Co-op sign rescue deal

The Co-op Bank has signed a £700 million rescue package to prevent it being wound up under Bank Of England regulations.

The Manchester based bank has signed a deal with its existing investors who have agreed to swap their debt for a stake in the bank.

In a statement the bank said: “The board believes that the proposal will enable the Bank to thrive as a stand-alone entity, with values and ethics and strong customer service continuing at the heart of its business.”


The deal has been approved by the Prudential Regulation Authority (PRA), accepting that it returned the Co-op to a firmer footing.

The PRA is a division of the Bank Of England as is responsible for supervising the operation of the UK’s banks and insurance companies.

A spokesman said: “Supervisors will remain closely engaged with the bank while the actions announced today are taken forward.
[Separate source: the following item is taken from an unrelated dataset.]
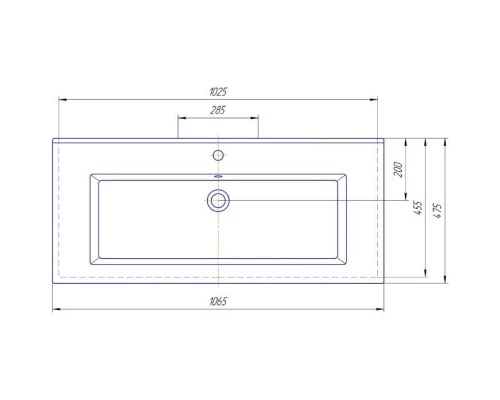 Тумба с раковиной черный глянец/белый глянец 106,5 см Bellezza Эйфория 4639118660040 + 4640021064740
Implementation is subject to certain regulatory approvals.”


The Co-op put itself up for sale in February after it became clear they did not have enough capital to meet Bank Of England requirements.

A number of rivals – including Santander, Virgin Money and Banco Sabadell – expressed an interest, but all eventually walked away with no deal being made.

Resolution process

If the re-investment rescue package had not been agreed the next step would have been for the Bank Of England to step in with a ‘resolution process’ to wind up the Co-op’s operations.
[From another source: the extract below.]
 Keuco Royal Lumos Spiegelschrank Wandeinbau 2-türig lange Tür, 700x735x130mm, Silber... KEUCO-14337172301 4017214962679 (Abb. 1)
But now the bank’s investors – the American hedge funds of Blue Mountain Capital Management, Cyrus Capital Partners, Golden Tree Asset Management and Silver Point – have agreed to write off the £443 million they are owed and to sell £250 million worth of new shares.
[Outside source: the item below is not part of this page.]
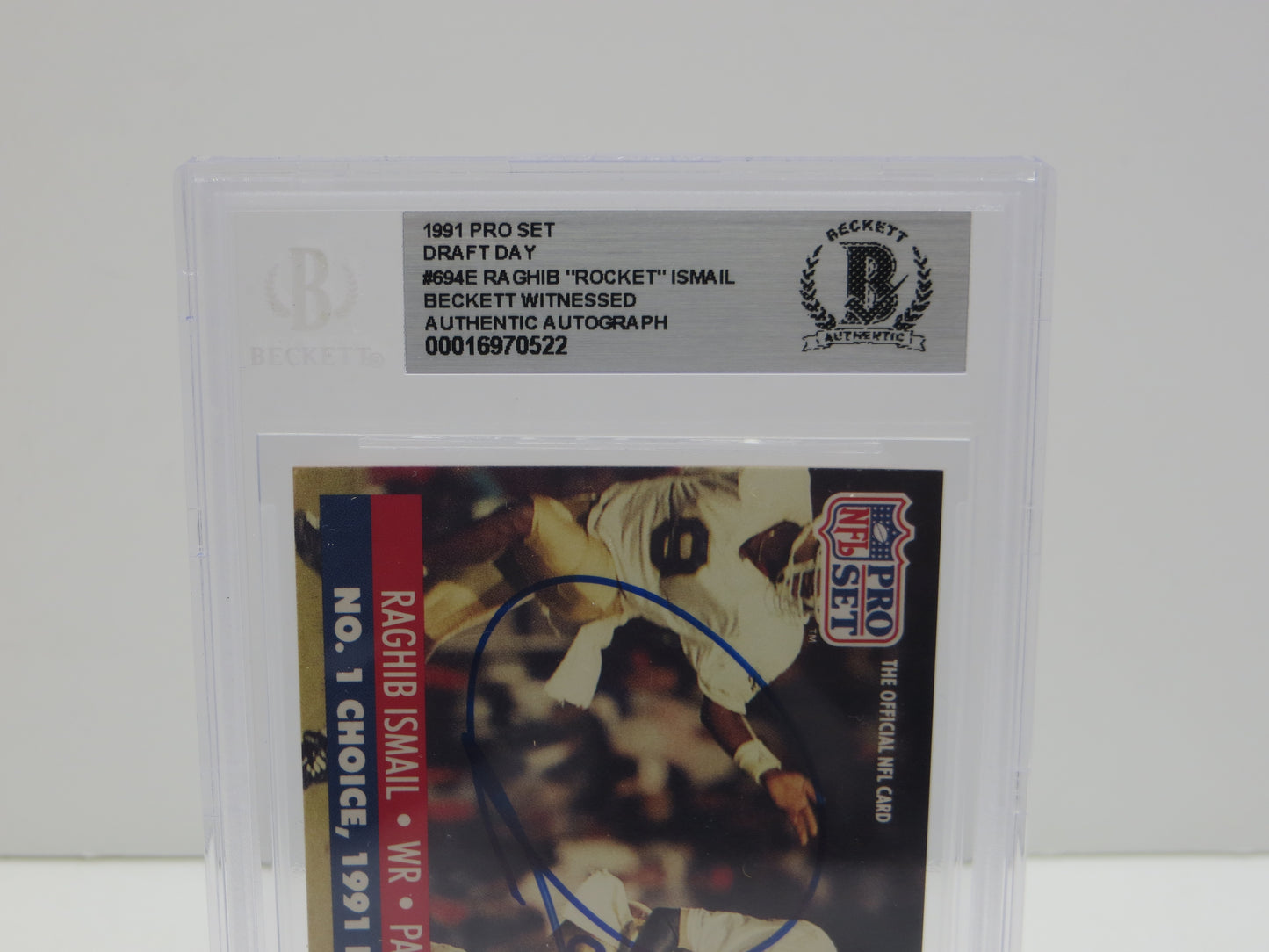 1991 PRO SET DRAFT DAY #694E RAGHIB "ROCKET" ISMAIL BGS 10 AUTO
One of the biggest stumbling blocks to any previous deal – the bank’s pension scheme – has also been resolved.

The investors will inject £100 million into the scheme over the next 10 years to allow its separation from the overall Co-operative Group pension scheme.


The debt for equity deal has cut the Co-operative Group’s stake in the bank from 20% to just 1%, but it is understood it will continue to trade under the same name.

However, the existing relationship between bank and group, including promotion of the bank’s services to the wider business ‘will naturally fall away and come to an end in 2020.’